Restatement (First) of Restitution § 160 comment a (1937). The constructive trust was linked to the animating principle of the Restatement —unjust enrichment. The Restatement explained that "[a] constructive trust is imposed upon a person in order to prevent his unjust enrichment." Restatement (First) of Restitution § 160 comment c. That, it should be noted, was a substantial innovation, and a distinctly American one. See D. W. M. Waters, The Constructive Trust in Evolution: Substantive and Remedial , 10 Est. & Tr. J. 334 (1991) (contrasting development of American law of constructive trusts with that of Commonwealth countries).
However, despite that innovation, the Restatement effectively took the position that the constructive trust arose at the time of the transaction giving rise to the unjust enrichment, not when instituted by the court. For example, in explaining the bona fide purchaser rule—the principle that property in the hands of a bona fide purchaser cannot be recovered through a constructive trust, see Tupper v. Roan , 349 Or. at 223, 243 P.3d 50 —the Restatement explained:
"This principle is most frequently applied to the situation where a person holds property subject to a constructive trust and transfers it to a person who pays value without notice of the facts which gave rise to the constructive trust; in which case the constructive trust is cut off."

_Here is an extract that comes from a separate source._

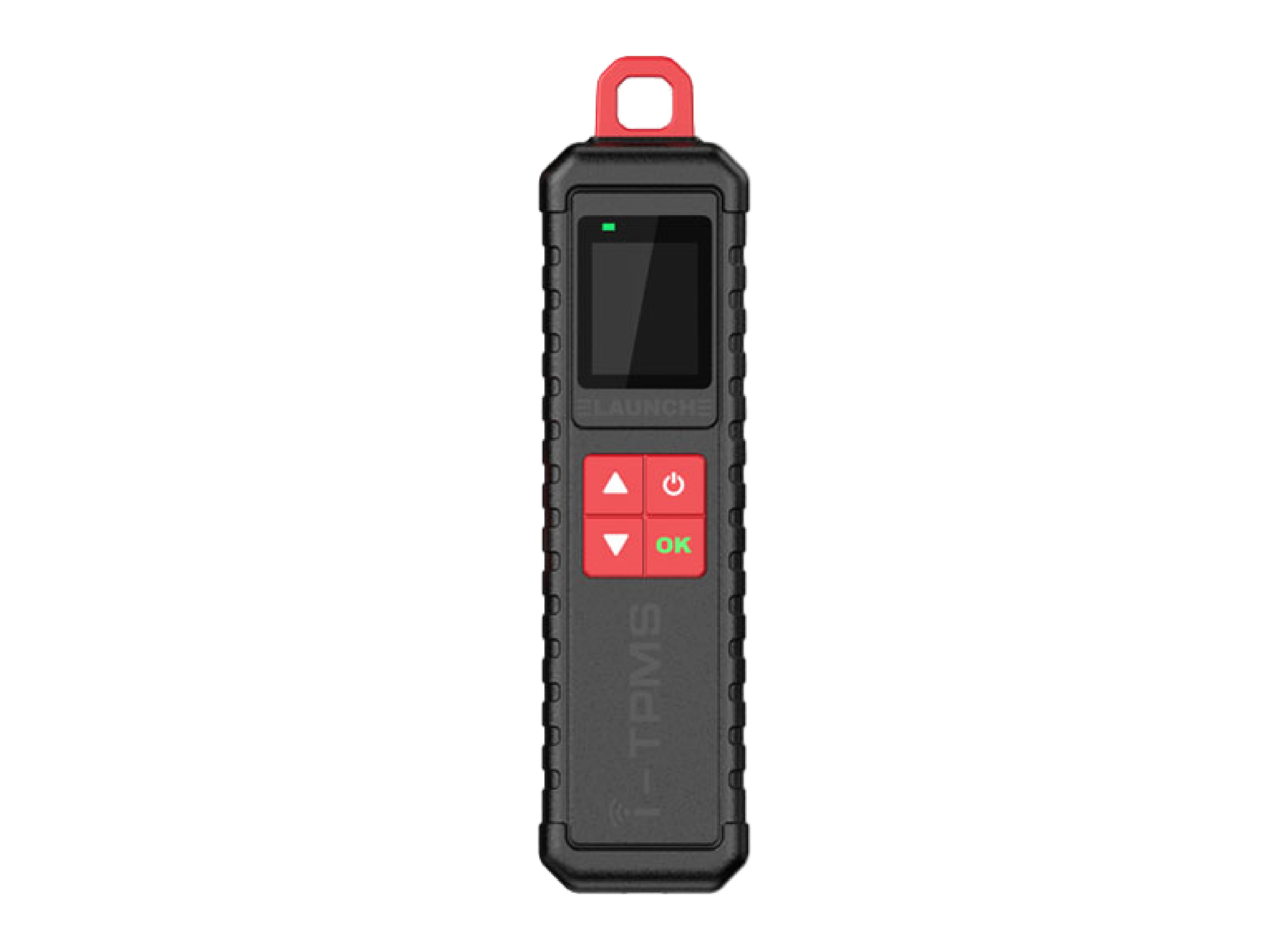 i-TPMS 胎压检测手持终端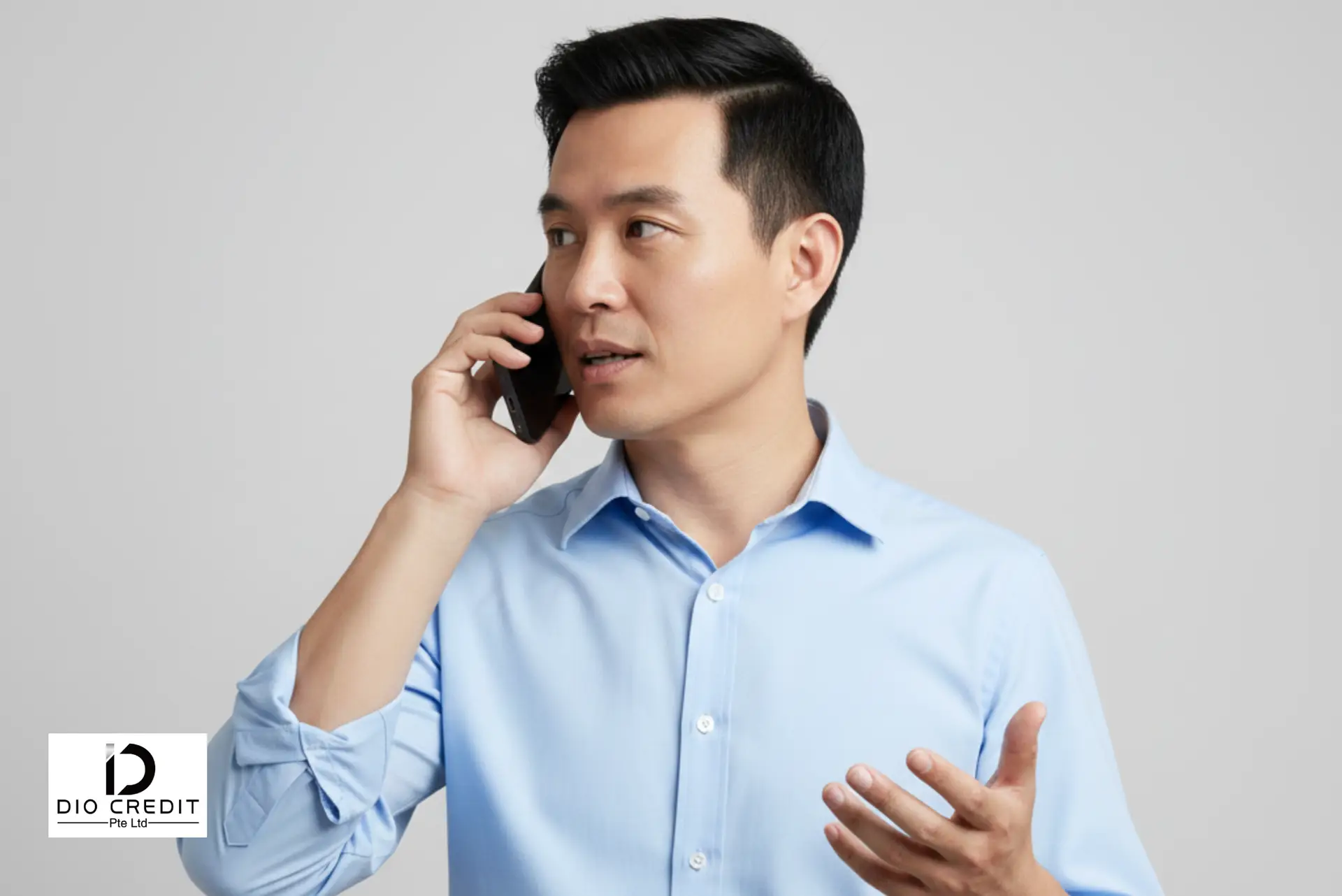 What Happens if a Licensed Money Lender Breaks the Law?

Restatement (First) of Restitution § 172 comment a. In that context, the Restatement used "constructive trust" to refer to an interest that predated the court’s order and, indeed, could be terminated prior to the case coming before a court. Similarly, when discussing the effect of the availability of alternative remedies, the Restatement asserted that
"a constructive trust may exist even though[,] because of the adequacy of the remedy at law[,] a proceeding in equity cannot be maintained specifically to enforce it; but a constructive trust will not be imposed merely because[,] owing to the insolvency of the defendant[,] the remedy at law is inadequate."
Restatement (First) of Restitution § 160 comment f. Thus, in the terminology of the Restatement , a constructive trust exists in the discussed circumstances all the while but may (or may not) be enforced by the court.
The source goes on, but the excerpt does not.